- Location: New South Wales
- Nearest city: Sofala
- Coordinates: 33°11′55″S 149°56′02″E﻿ / ﻿33.19861°S 149.93389°E
- Established: 2002
- Governing body: NSW National Parks & Wildlife Service

= Turon National Park =

National park in New South Wales, Australia

Turon National Park is located along a section of the Turon River in central New South Wales, Australia. Proposed as an area worth protecting in 1983, the park was not established until 2002. The park is 150 km north-west of Sydney, approximately 5 km west of Capertee, near Lithgow, New South Wales.

Turon National Park was one of the sites of the 1851 gold rush, and remains from this era are still evident. Pasture land cleared in the past remain obvious. Sheoak grows along the river and a variety of gums cover the slopes. A large variety of native birds live within the park, and red wallabies spend the day on the sandstone tops and descend at dusk to the valley. The park is at a relatively high altitude (valley floor at around 750 m above sea level, the tops at around 850 m) due to the park's location within the Great Dividing Range.

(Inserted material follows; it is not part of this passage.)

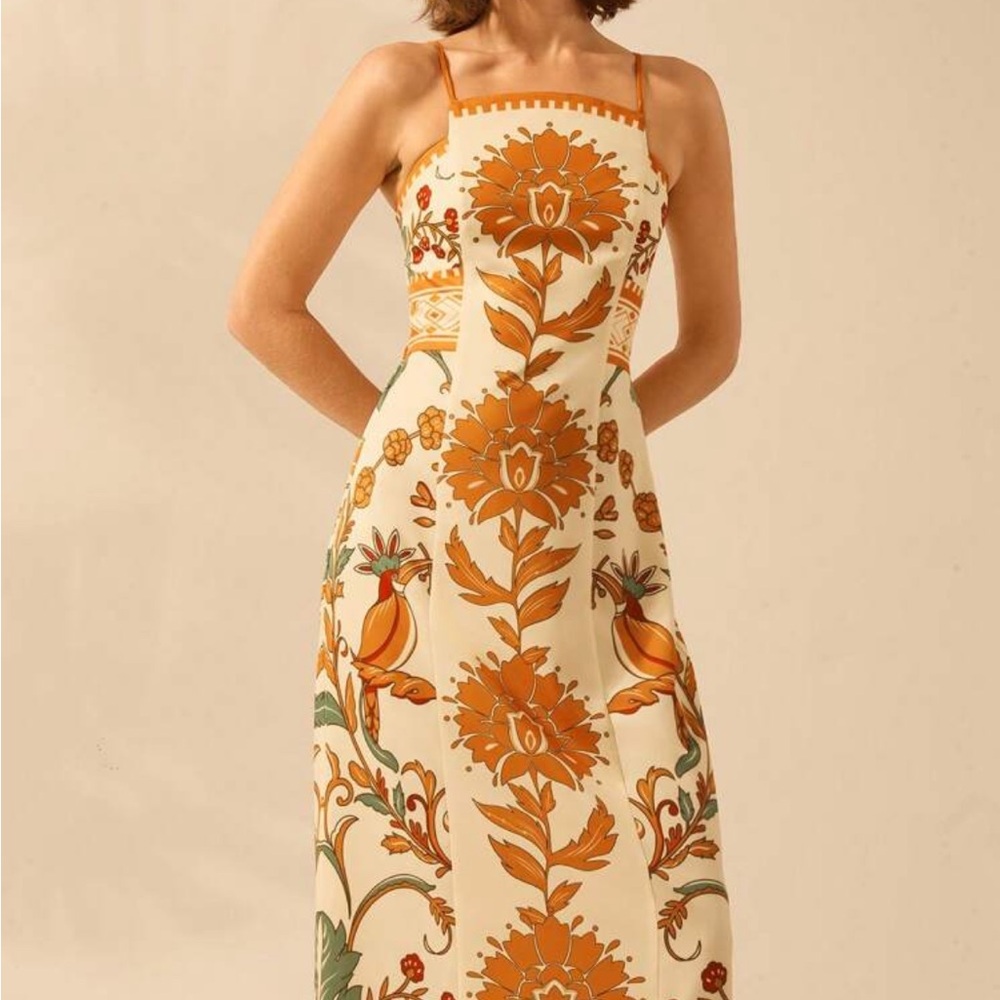 Floral Print Cream and Orange NOT FARM RIO Dress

Sub-zero temperatures are common in the cooler months.

Access to the valley floor is difficult for 2-wheel-drive vehicles, and after heavy rainfall even four-wheel-drive access is doubtful.

Two campsites are identified on Wikimapia.

Many interesting animals live here, such as the mighty owl howling at night or the red wallabies sunbathing on the red sandstone in the morning.